His rap sheet shows that, prior to being awarded the robe, Toffoli was a legal consultant for the Unified Workers Central (CUT), a parliamentary advisor for the PT in the São Paulo Legislative Assembly, a legal advisor for the PT leadership in the Chamber of Deputies, deputy chief for Legal Affairs of the President’s Chief of Staff, head of the legal team for the PT’s presidential campaigns in 1998, 2002, and 2006, and, from March 2007, head of the Attorney General’s Office. In October 2009, Lula decided that, at the age of 42, the lawyer who was barred from leading the smallest court in São Paulo had the impeccable reputation and notable legal knowledge to act in the Supreme Court for another 33 years. It’s as if the coach of the Brazilian National Football Team had chosen as a starter a player from the under-20 category who had failed twice to move up to the main team.

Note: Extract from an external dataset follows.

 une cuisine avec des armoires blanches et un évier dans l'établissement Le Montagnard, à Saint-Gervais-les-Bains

Toffoli seemed uncomfortable in the High Praetorium until the release of the video showing what Marcelo Odebrecht had said in his testimony recorded during the hearing procedures of Operation Car Wash. At a certain point, one of the inquisitors asks who the character appearing under the alias “Friend of My Father’s Friend” in the bribery department of Odebrecht (now Novonor) is. “It’s Toffoli,” Marcelo responds. This revelation helps to understand the immediate and fierce counteroffensive launched by the then-president of the Supreme Court. Always turning his back on the Constitution, laws, and common sense, he was the one who tried to censor Crusoé magazine, came up with the “End of the World” inquiry, promoted Alexandre de Moraes to “Police Chief of the Supreme Power,” and informally proclaimed the dictatorship of the judiciary branch.

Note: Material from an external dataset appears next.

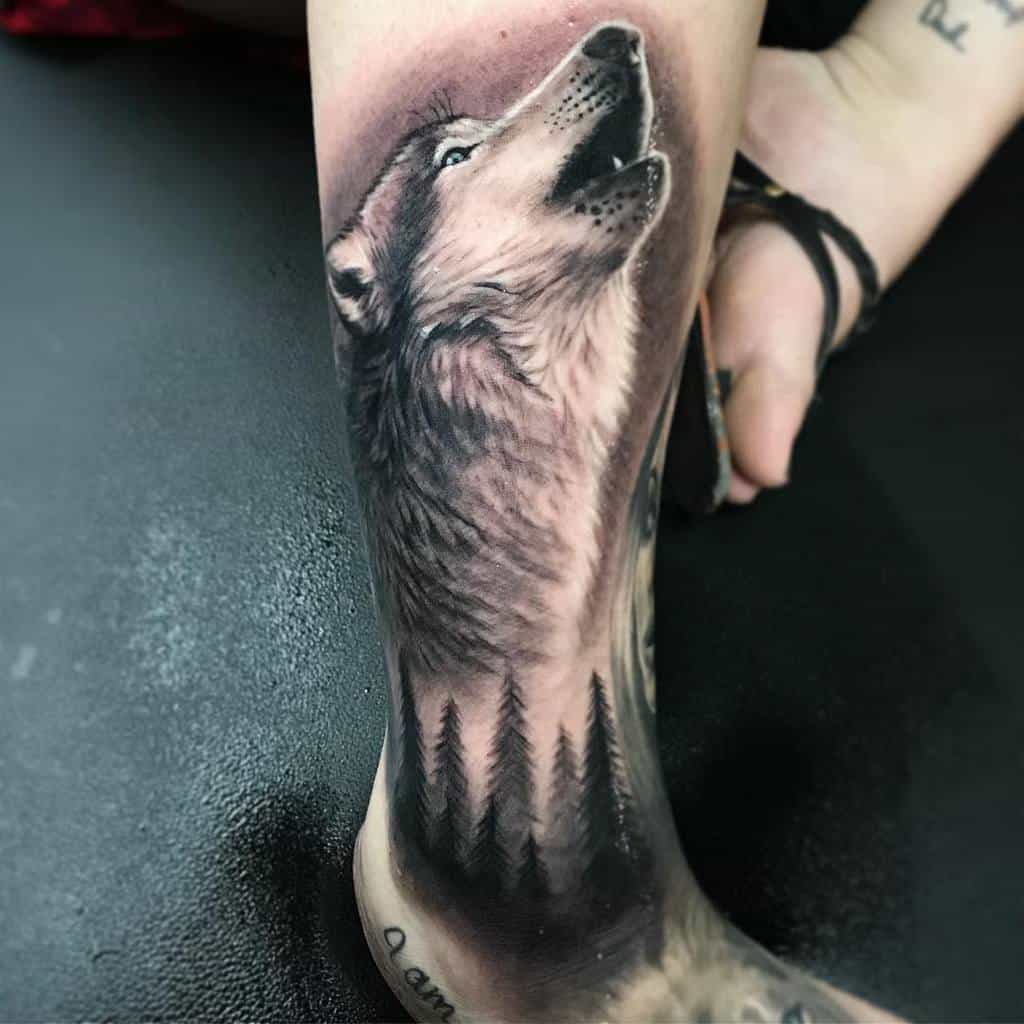 Tattoo of a howling wolf and trees on a lower leg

At the moment, Vladimir’s friend is doing everything he can to return to the businessmen lifted from the swamp of the Petrolão by Operation Car Wash the product of the billion-dollar theft they promised to restitute in leniency agreements that kept them out of jail. The total value of the fines Toffoli suspended amounts to almost R$ 14 billion. The J&F default reaches about R$ 10.5 billion, and Novonor hasn’t restituted R$ 3.5 billion. The bleeding has just begun. Confident in this surge of “dollarized compassion,” dozens of whistleblowers are demanding the same amnesty. None of them had to cut expenses on private jets, banquets, and mansions. Thus, they don’t want to stay away from the office that makes it rain money. And they are already aiming to get back the sums recovered by Operation Car Wash. Until 2022, according to the Federal Prosecutor’s Office in Paraná, 43 leniency agreements and 156 plea bargains guaranteed the restitution of R$ 24.5 billion to public coffers.

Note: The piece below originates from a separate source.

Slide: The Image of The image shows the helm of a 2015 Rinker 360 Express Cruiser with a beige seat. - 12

This week, perfecting the pose of someone who read Das Kapital (in German) still in nursery, Fernando Haddad, minister of Finance, once again lamented the insensitivity of the super-rich. “It’s complicated to tax great fortunes,” he admitted. He said that this group keeps making up tricks to avoid Brazil’s IRS, from which not a single Brazilian—in a universe ranging from the upper middle class to the vast number of people below the poverty line—can escape. Equally creative, Haddad aims to convince the G-20 members to unite in an international effort to tax multibillionaires. Either this or, perhaps, asking for a donation from the justice who became the patron saint of multimillionaire sinners. The aid could finance an advertising campaign that eliminates the anguishing doubt: is “fiscal framework” a new video game or another defensive system created by a Portuguese football coach?